Ghost Rating V2
Posted: Mon Feb 12, 2018 3:33 pm
Not to bury the lede, here are the GR2 ratings for February. Note that inactive players are filterable using the column on the far right.
Intro
As most of you know, Ghost Rating is currently the (official yet unintegrated) rating system we use at WebDiplomacy. We have had lots of discussion over the years about how the rating system could be changed or improved. I’ve made a script to calculate, what I believe, is a better rating system. My hope would be for us to move away from the old rating system and towards the new one but I don’t want to be presumptuous. I look forward to hearing everyone’s feedback and discussion.
What’s in a name?
The new rating system is based on EIDRaS (ELO Inspired Diplomacy Rating System). EIDRaS is a terrible name and, because we may tweak some things, I think it is appropriate for us to choose a new one.

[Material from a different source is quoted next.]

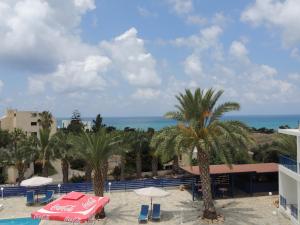 a view of a resort with palm trees and the ocean at West End Hotel in Peyia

I propose we simply call it Ghost Rating V2 since Ghost Rating is a fucking badass name and it still honours The Ghost Maker who first implemented a rating system for us. I'm happy to find a different one if people would prefer.
What was Ghost Rating V1
As a quick refresher, the way (the old) GR works is that everyone bets an equal fraction of their rating and that pot is divvied up among the winners according to the scoring system (e.g. winner takes all, etc.).
What is Ghost Rating V2?
In GR2, a player’s expected result is calculated based on their own rating and the rating of their opponents. After the game, everyone’s rating is adjusted based on the difference between their actual score and their expected score.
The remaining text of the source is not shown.